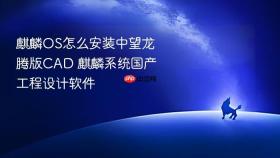 麒麟os怎么安装中望龙腾版cad 麒麟系统国产工程设计软件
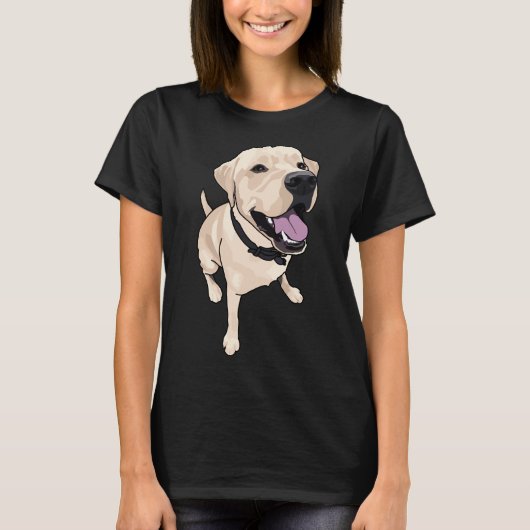 かわいいイエロー・ラブラドール・レトリーバー Tシャツ (正面)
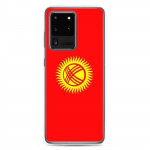 Coque T&eacute;l&eacute;phone &ndash; Samsung &ndash; Galaxy S23 Plus &ndash; Drapeau Kirghizistan &ndash; Souple &ndash; mitmev&auml;rviline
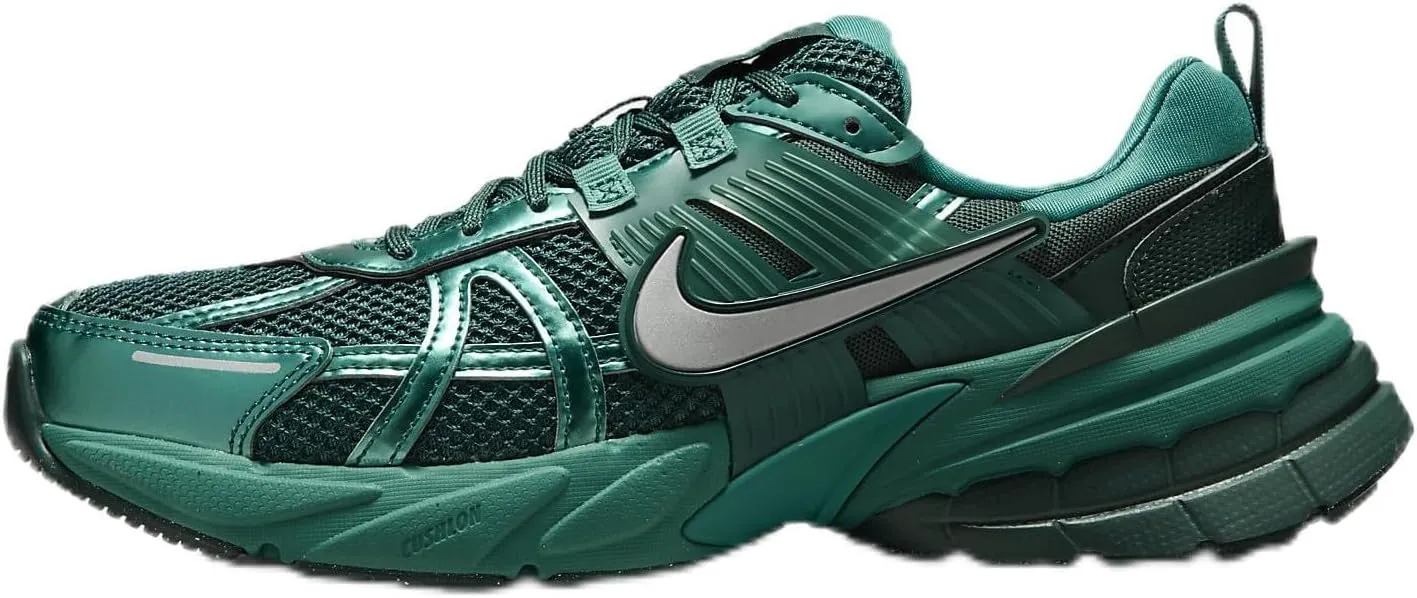 Nike V2K Run Shoes (HF5050-361, Bicoastal/Vintage Green/Metallic Silver) Size 7.5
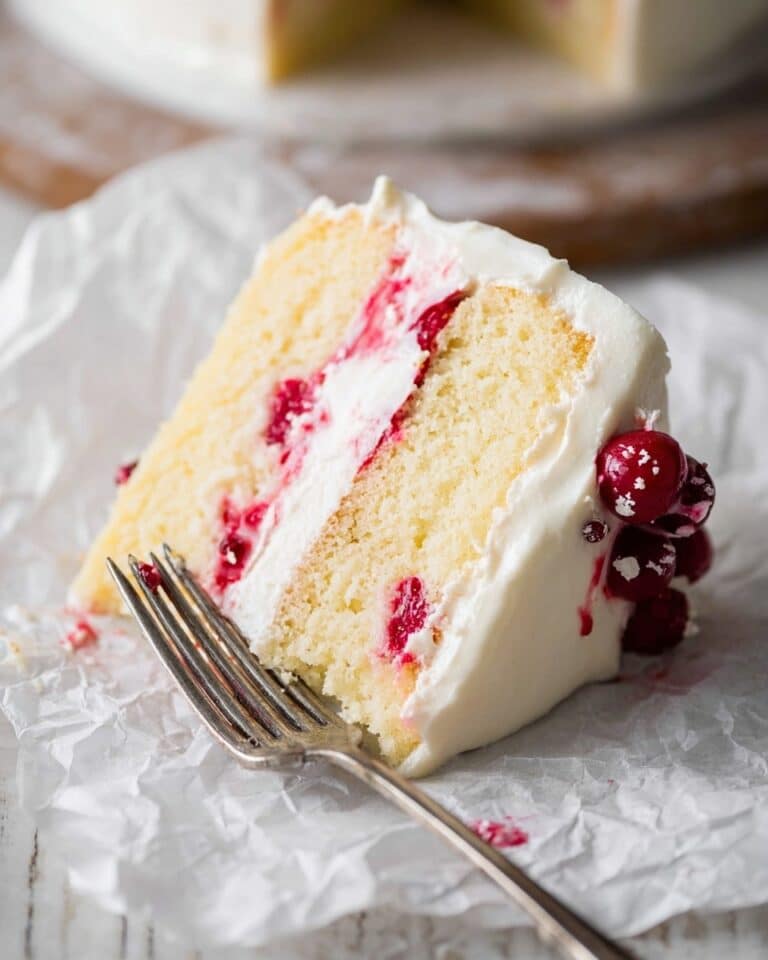 Raspberry Lemon Cake with Lemon Buttercream Frosting Recipe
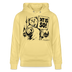 Berlin Souvenir Hoodie -DIT IS SO! – Unisex Bio-Hoodie mit Berliner Bär - Gelb Viva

+--

WORK INSTRUCTIONS – What is wanted is an exact copy of the lines above from the one containing "かわいいイエロー・ラブラドール・レトリーバー Tシャツ (正面)" through the one containing "Raspberry Lemon Cake", with no pictures in it.

YOUR RESPONSE –
 かわいいイエロー・ラブラドール・レトリーバー Tシャツ (正面)
 Coque T&eacute;l&eacute;phone &ndash; Samsung &ndash; Galaxy S23 Plus &ndash; Drapeau Kirghizistan &ndash; Souple &ndash; mitmev&auml;rviline
 Nike V2K Run Shoes (HF5050-361, Bicoastal/Vintage Green/Metallic Silver) Size 7.5
 Raspberry Lemon Cake with Lemon Buttercream Frosting Recipe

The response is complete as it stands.